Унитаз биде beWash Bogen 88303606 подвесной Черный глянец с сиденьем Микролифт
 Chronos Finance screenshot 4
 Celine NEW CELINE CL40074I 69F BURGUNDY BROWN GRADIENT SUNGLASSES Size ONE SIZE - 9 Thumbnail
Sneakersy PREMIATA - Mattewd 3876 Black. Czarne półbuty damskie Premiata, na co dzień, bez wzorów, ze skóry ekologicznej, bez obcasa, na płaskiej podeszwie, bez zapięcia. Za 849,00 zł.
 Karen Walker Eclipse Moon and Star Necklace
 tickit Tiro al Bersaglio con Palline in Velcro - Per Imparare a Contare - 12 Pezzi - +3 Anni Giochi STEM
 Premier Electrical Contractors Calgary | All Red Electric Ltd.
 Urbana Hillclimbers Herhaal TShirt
------------------------
Task directions
Reproduce the listing above verbatim.

Your response
Унитаз биде beWash Bogen 88303606 подвесной Черный глянец с сиденьем Микролифт
 Chronos Finance screenshot 4
 Celine NEW CELINE CL40074I 69F BURGUNDY BROWN GRADIENT SUNGLASSES Size ONE SIZE - 9 Thumbnail
Sneakersy PREMIATA - Mattewd 3876 Black. Czarne półbuty damskie Premiata, na co dzień, bez wzorów, ze skóry ekologicznej, bez obcasa, na płaskiej podeszwie, bez zapięcia. Za 849,00 zł.
 Karen Walker Eclipse Moon and Star Necklace
 tickit Tiro al Bersaglio con Palline in Velcro - Per Imparare a Contare - 12 Pezzi - +3 Anni Giochi STEM
 Premier Electrical Contractors Calgary | All Red Electric Ltd.
 Urbana Hillclimbers Herhaal TShirt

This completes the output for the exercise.